• **Material for this exercise**
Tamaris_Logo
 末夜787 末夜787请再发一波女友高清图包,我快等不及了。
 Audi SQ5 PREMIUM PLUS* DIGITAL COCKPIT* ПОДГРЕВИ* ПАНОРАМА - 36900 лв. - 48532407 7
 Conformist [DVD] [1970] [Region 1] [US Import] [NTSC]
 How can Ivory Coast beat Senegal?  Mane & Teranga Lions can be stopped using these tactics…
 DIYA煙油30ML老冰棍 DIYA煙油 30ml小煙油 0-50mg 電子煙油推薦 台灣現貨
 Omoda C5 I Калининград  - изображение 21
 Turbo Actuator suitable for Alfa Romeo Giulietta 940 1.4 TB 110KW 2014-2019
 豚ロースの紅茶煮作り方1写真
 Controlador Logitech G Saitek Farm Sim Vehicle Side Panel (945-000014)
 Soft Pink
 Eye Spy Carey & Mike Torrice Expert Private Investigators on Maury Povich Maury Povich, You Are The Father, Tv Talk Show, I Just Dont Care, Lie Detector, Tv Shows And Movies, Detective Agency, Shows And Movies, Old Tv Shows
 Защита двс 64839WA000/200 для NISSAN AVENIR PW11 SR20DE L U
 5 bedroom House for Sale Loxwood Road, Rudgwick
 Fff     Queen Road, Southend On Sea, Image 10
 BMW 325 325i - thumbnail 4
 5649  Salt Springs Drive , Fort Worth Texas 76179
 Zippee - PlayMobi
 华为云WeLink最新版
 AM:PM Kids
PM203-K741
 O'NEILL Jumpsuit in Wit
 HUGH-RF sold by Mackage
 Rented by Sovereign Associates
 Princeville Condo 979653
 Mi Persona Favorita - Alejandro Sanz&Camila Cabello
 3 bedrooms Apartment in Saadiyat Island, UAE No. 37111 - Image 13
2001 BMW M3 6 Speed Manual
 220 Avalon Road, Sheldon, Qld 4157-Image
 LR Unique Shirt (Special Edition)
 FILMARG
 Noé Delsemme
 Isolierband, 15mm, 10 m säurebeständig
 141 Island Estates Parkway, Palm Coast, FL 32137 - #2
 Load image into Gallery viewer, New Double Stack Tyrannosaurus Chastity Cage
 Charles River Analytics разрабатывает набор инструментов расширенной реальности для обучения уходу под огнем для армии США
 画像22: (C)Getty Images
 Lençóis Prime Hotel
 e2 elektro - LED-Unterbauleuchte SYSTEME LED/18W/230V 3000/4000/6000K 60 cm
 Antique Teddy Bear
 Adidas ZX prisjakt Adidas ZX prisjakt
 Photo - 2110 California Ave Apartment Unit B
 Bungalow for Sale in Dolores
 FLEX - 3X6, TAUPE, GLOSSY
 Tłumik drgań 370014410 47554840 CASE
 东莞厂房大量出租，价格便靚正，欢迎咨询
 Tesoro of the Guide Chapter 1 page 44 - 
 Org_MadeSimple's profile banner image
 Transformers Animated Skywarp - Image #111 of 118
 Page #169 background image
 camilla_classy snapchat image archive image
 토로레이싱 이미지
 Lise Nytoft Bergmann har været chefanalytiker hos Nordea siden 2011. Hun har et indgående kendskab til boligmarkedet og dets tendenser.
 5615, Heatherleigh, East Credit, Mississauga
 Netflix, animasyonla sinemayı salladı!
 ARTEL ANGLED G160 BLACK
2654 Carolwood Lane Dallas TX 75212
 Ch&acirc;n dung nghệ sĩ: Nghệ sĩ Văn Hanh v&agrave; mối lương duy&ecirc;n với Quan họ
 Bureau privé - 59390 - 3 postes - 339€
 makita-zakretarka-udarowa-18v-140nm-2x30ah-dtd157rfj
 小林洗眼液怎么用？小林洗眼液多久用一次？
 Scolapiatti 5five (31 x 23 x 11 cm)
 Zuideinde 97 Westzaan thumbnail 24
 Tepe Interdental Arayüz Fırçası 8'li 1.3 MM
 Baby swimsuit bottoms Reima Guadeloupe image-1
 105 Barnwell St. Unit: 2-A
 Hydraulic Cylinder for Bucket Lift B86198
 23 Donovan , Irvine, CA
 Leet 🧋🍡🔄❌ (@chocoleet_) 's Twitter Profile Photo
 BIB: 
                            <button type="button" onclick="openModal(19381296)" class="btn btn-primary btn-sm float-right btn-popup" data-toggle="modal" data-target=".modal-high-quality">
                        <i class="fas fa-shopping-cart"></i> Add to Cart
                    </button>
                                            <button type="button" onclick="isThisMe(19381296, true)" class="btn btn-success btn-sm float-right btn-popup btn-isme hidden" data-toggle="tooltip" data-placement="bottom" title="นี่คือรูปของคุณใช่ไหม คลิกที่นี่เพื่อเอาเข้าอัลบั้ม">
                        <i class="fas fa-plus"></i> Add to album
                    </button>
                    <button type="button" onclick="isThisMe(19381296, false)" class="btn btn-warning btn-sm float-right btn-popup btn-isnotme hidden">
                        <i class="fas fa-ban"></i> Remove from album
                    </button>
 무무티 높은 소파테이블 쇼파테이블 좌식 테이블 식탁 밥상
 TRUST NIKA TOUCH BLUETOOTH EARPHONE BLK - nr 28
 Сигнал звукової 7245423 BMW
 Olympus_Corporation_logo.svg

• **Task brief**
Up to and including the line with "Isolierband, 15mm, 10 m säurebeständig", print every line of the material above, starting from its first line, exactly.

• **Output below**
Tamaris_Logo
 末夜787 末夜787请再发一波女友高清图包,我快等不及了。
 Audi SQ5 PREMIUM PLUS* DIGITAL COCKPIT* ПОДГРЕВИ* ПАНОРАМА - 36900 лв. - 48532407 7
 Conformist [DVD] [1970] [Region 1] [US Import] [NTSC]
 How can Ivory Coast beat Senegal?  Mane & Teranga Lions can be stopped using these tactics…
 DIYA煙油30ML老冰棍 DIYA煙油 30ml小煙油 0-50mg 電子煙油推薦 台灣現貨
 Omoda C5 I Калининград  - изображение 21
 Turbo Actuator suitable for Alfa Romeo Giulietta 940 1.4 TB 110KW 2014-2019
 豚ロースの紅茶煮作り方1写真
 Controlador Logitech G Saitek Farm Sim Vehicle Side Panel (945-000014)
 Soft Pink
 Eye Spy Carey & Mike Torrice Expert Private Investigators on Maury Povich Maury Povich, You Are The Father, Tv Talk Show, I Just Dont Care, Lie Detector, Tv Shows And Movies, Detective Agency, Shows And Movies, Old Tv Shows
 Защита двс 64839WA000/200 для NISSAN AVENIR PW11 SR20DE L U
 5 bedroom House for Sale Loxwood Road, Rudgwick
 Fff     Queen Road, Southend On Sea, Image 10
 BMW 325 325i - thumbnail 4
 5649  Salt Springs Drive , Fort Worth Texas 76179
 Zippee - PlayMobi
 华为云WeLink最新版
 AM:PM Kids
PM203-K741
 O'NEILL Jumpsuit in Wit
 HUGH-RF sold by Mackage
 Rented by Sovereign Associates
 Princeville Condo 979653
 Mi Persona Favorita - Alejandro Sanz&Camila Cabello
 3 bedrooms Apartment in Saadiyat Island, UAE No. 37111 - Image 13
2001 BMW M3 6 Speed Manual
 220 Avalon Road, Sheldon, Qld 4157-Image
 LR Unique Shirt (Special Edition)
 FILMARG
 Noé Delsemme
 Isolierband, 15mm, 10 m säurebeständig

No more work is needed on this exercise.